§ **Source data**

····················

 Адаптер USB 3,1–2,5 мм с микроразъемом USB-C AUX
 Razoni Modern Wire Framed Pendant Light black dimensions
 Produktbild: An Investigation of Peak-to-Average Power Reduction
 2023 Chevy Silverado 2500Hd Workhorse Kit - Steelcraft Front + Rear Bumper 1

····················

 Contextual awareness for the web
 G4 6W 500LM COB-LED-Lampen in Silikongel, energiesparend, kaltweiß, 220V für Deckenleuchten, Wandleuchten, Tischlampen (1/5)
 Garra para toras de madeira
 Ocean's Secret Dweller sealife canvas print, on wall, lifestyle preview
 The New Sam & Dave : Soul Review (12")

····················

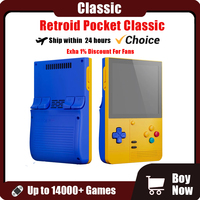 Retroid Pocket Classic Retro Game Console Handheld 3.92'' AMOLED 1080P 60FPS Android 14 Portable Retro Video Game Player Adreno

····················

Scan the lines above for "Адаптер USB 3,1–2,5" and for "2023 Chevy Silverado". Repeat exactly the line holding each of them and every line in between.

§ **Exercise result**
 Адаптер USB 3,1–2,5 мм с микроразъемом USB-C AUX
 Razoni Modern Wire Framed Pendant Light black dimensions
 Produktbild: An Investigation of Peak-to-Average Power Reduction
 2023 Chevy Silverado 2500Hd Workhorse Kit - Steelcraft Front + Rear Bumper 1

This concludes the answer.